There are some supporting documents that have been produced at the national level to provide general guidance for schools and businesses in relationships:
The Guiding Principles for School-Business Relationships (www.education.gov.au/partnerships-between-schools-businesses-and-communities-reports-and-research) highlight features that contribute to effective and sustainable school-business relationships. Importantly, they place enhanced student learning and outcomes at the centre of all such relationships. The Guiding Principles have been endorsed by the Australian Government Department of Education.
In 1992, education ministers released the National Code on Commercial Sponsorship and Promotion in School Education (1992). It outlines five key principles for schools and sponsoring organisations and can be found here: www.mceecdya.edu.au/mceecdya/national_code_sponsorship-1992,12054.html.
Does national legislation regulate adverting in Universities as well as cooperation between research institutes / universities and business, in particular regarding research sponsorship?
Education Services for Overseas Students legislation
The ESOS Act and its associated legislation apply to all institutions delivering education and training services to overseas students or intending overseas students. This includes Universities (refer question 1).

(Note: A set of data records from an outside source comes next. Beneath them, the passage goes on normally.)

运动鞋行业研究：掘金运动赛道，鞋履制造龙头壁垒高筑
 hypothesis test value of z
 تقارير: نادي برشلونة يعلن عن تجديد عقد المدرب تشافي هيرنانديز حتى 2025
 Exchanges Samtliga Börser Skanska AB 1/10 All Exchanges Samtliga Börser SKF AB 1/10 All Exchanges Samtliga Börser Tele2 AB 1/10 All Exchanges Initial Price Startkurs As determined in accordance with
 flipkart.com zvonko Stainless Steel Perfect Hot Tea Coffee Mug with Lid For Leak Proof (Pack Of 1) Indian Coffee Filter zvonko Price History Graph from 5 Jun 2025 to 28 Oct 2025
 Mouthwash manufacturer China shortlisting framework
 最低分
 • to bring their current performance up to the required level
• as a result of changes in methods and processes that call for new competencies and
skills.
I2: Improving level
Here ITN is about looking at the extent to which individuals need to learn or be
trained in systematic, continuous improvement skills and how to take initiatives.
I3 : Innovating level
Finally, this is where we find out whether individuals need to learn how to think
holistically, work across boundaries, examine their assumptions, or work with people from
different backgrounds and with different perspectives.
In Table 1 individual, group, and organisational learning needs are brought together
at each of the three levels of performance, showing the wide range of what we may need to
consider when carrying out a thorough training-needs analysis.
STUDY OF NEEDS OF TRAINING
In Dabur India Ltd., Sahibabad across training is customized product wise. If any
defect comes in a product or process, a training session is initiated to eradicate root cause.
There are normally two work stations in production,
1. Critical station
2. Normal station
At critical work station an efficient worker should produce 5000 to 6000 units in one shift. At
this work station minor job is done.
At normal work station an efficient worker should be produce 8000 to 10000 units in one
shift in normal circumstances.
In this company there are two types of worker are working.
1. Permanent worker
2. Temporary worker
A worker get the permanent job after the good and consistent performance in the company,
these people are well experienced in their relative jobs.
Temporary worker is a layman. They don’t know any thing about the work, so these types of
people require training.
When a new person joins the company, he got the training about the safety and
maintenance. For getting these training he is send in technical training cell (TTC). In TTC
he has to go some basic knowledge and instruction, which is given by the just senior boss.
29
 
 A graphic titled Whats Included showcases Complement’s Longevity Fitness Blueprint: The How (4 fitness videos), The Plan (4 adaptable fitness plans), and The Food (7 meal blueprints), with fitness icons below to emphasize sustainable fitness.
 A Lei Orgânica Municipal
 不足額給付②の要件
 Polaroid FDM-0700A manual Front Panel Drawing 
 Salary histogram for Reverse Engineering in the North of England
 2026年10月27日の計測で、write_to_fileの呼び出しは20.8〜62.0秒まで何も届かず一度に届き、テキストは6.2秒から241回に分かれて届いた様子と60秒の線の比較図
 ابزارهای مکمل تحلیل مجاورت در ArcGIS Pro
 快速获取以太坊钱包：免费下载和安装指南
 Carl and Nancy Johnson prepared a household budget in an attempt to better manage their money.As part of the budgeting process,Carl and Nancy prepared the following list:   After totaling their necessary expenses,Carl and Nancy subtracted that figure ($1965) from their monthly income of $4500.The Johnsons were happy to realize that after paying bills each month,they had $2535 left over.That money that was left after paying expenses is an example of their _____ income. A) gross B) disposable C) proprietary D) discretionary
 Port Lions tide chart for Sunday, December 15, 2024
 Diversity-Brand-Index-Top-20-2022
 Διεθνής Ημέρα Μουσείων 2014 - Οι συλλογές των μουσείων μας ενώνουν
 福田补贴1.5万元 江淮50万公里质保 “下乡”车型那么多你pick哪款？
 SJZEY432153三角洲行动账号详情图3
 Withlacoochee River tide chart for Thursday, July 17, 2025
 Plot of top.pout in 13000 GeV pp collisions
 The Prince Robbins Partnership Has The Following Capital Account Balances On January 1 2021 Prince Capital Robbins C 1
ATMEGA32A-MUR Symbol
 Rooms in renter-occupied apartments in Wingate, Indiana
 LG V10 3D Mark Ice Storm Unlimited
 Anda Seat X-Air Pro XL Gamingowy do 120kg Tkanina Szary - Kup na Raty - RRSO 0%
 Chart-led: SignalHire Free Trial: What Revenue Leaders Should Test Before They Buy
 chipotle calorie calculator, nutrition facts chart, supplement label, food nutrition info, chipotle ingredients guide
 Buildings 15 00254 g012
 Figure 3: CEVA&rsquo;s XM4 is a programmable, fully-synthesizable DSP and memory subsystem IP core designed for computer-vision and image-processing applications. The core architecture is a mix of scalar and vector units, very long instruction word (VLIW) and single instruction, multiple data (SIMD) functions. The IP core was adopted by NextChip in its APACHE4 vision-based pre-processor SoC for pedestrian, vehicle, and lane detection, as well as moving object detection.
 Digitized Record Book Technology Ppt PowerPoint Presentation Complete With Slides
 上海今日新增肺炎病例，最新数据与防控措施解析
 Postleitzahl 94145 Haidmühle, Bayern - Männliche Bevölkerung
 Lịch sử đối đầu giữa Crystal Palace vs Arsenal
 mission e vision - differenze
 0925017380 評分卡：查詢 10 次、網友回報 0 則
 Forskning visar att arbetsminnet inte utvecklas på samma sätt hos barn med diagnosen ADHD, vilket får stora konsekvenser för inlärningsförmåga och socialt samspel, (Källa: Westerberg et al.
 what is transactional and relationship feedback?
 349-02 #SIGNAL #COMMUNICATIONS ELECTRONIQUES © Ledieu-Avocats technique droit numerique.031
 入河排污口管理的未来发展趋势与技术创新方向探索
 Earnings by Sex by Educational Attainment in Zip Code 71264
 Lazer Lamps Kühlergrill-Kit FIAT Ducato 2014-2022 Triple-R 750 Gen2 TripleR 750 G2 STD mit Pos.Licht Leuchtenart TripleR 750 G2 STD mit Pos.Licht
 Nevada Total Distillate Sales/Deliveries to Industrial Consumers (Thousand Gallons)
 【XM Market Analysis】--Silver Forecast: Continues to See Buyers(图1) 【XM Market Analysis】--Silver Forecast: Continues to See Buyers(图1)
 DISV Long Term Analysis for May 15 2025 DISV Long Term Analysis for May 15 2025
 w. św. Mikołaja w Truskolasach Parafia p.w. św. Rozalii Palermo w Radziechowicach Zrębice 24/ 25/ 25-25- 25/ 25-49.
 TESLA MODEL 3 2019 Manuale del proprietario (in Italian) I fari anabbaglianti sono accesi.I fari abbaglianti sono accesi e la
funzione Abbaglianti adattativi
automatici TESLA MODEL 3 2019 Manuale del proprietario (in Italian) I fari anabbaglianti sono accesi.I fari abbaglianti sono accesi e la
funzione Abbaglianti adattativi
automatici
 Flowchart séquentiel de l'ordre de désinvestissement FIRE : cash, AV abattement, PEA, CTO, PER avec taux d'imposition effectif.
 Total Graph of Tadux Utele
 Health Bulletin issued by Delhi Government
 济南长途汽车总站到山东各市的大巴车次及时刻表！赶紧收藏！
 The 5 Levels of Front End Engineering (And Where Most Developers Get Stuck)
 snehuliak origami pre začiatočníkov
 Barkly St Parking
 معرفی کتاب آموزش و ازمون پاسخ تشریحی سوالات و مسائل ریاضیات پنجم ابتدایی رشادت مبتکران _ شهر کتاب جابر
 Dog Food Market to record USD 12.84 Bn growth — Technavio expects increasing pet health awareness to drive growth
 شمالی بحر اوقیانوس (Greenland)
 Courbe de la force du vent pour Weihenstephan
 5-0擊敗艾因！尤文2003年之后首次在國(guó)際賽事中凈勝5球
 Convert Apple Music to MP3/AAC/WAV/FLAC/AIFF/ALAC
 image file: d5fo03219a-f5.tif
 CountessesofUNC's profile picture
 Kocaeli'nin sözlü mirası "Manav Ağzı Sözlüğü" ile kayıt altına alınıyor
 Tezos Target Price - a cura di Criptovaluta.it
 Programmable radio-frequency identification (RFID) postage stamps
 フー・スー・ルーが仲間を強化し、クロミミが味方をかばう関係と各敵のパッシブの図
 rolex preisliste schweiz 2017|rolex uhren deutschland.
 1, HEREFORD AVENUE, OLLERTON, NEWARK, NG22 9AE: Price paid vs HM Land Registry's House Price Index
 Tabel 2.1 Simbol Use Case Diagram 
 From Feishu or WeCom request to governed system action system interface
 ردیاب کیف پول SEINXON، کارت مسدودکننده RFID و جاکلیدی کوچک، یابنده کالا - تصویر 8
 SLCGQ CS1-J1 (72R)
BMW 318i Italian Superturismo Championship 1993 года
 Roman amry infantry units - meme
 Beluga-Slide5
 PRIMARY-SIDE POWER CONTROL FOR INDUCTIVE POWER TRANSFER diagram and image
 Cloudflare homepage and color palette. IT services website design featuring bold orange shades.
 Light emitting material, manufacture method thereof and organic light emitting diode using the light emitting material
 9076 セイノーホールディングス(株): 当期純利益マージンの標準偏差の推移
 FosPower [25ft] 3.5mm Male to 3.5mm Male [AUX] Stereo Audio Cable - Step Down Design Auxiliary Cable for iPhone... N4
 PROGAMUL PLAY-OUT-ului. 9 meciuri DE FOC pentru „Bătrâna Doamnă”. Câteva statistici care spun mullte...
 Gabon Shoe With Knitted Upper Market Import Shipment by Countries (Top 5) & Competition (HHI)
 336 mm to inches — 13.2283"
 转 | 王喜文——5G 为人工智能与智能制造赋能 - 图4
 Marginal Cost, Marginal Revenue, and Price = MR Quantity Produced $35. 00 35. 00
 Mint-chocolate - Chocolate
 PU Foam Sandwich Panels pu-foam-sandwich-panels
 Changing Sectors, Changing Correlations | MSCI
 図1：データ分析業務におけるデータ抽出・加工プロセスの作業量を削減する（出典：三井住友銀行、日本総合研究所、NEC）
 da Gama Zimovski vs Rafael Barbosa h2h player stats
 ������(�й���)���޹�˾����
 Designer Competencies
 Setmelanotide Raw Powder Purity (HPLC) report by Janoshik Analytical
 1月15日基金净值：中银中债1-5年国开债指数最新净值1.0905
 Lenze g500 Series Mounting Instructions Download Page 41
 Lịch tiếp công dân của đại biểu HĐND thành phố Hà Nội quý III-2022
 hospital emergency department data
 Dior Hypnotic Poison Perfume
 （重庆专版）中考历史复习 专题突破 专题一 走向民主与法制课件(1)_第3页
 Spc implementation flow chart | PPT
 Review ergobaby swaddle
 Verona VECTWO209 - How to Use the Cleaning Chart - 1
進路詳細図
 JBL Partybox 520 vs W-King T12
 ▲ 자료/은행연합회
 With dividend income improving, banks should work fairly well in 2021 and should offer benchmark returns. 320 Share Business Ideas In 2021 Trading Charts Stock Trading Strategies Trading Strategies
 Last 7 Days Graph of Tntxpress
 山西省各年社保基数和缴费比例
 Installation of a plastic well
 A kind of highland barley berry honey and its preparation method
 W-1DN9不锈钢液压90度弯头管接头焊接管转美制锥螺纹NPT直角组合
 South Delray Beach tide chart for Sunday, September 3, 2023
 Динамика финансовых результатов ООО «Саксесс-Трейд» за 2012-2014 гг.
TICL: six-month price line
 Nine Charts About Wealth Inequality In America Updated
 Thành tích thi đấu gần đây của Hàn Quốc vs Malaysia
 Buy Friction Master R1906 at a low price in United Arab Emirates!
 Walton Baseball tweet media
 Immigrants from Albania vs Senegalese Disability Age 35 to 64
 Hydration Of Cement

Are there specific measures such as inter alia, tax incentives to encourage private sponsorship of artistic creation? Please provide a brief description of these measures. Is the private sponsorship for cultural institutions receiving public funding regulated and if so please provide details. Do such regulations also apply to monuments and national heritage buildings?
The Australian Government offers a range of targeted tax incentives to attract private investment in the arts and to stimulate cultural production. These incentives provide deductions for donations to certain types of arts organisations. This includes:
The Cultural Gifts Program, which enables donors of cultural goods to Australian collecting institutions to receive a tax deduction for the value of the donation,
The Register of Cultural Organisations - cultural bodies listed on the Register of Cultural Organisations can receive tax deductible donations to assist them with a wide range of activities, for example the creation of a new theatrical work, the publication of a literary magazine or the building of a community arts centre.
These incentives apply to gifts, which are provided with no benefit to the donor. The Australian Government does not currently provide tax incentives to encourage sponsorship of artistic creation, where the sponsor will receive a benefit in return for their support from the recipient organisation.
Each of the cultural institutions in the Australian Government arts portfolio is established and regulated by its own enabling legislation. In addition, private support for cultural institutions is also regulated by the general Commonwealth accountability requirements of the Financial Management and Accountability Act 1997 and the Commonwealth Authorities and Companies Act 1997. These Acts ensure accountability, transparency and the auditing of institutions financial statements by the auditor general.